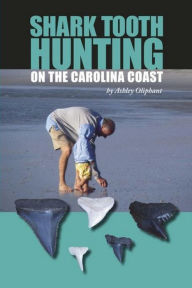 Title: Shark Tooth Hunting on the Carolina Coast, Author: Ashley Oliphant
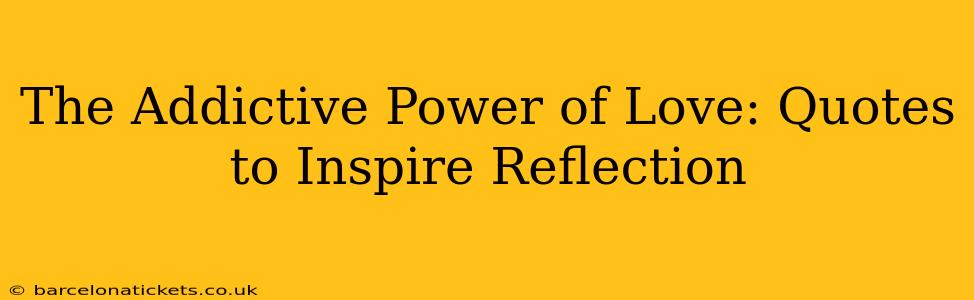 The Addictive Power of Love: Quotes to Inspire Reflection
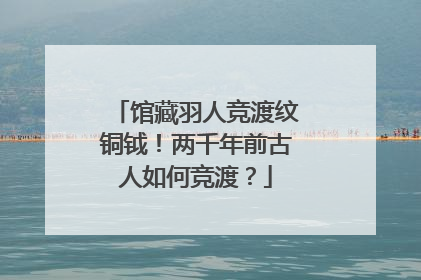 馆藏羽人竞渡纹铜钺！两千年前古人如何竞渡？
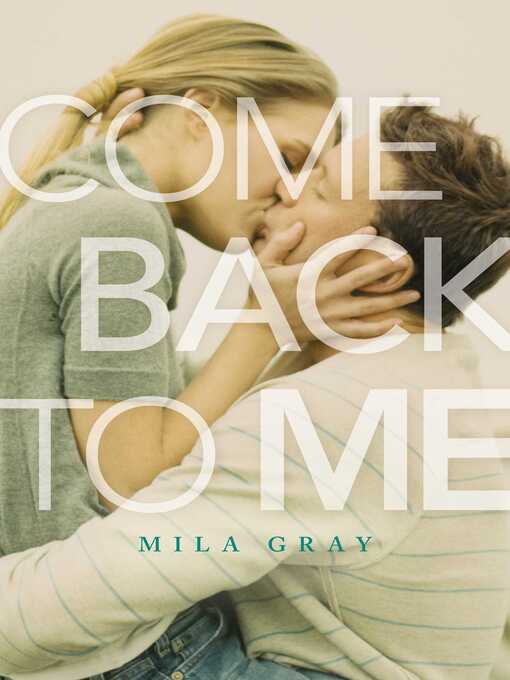 Title details for Come Back to Me by Mila Gray - Available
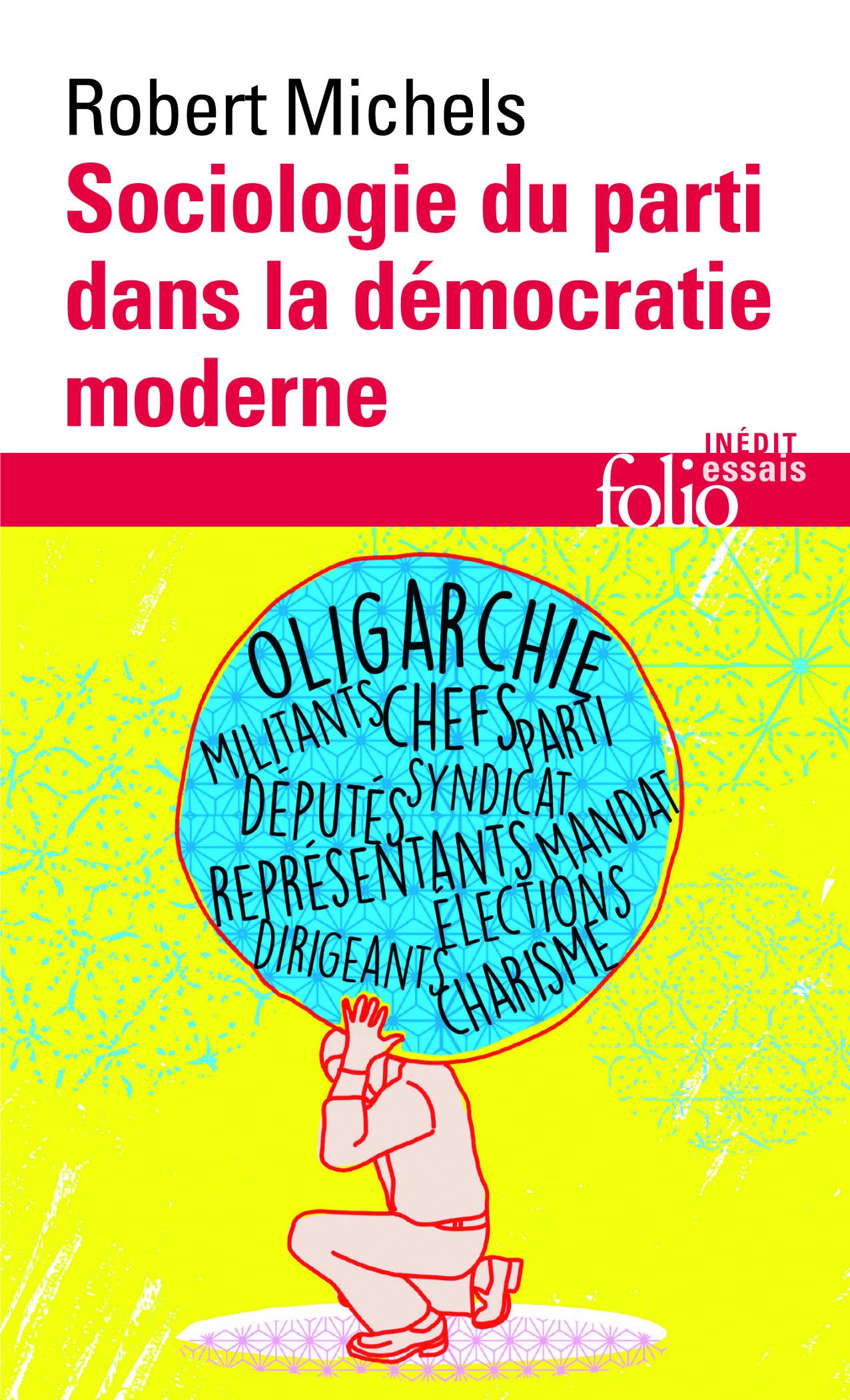 Sociologie du parti dans la démocratie moderne: Enquête sur les tendances oligarchiques de la vie des groupes (Folio essais)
▬▬▬
Task requirements>
Reproduce verbatim, and only, the lines starting at the one that contains "Title details for" and ending with the final line of the records; leave out the pictures.

Exercise solution>
 Title details for Come Back to Me by Mila Gray - Available
 Sociologie du parti dans la démocratie moderne: Enquête sur les tendances oligarchiques de la vie des groupes (Folio essais)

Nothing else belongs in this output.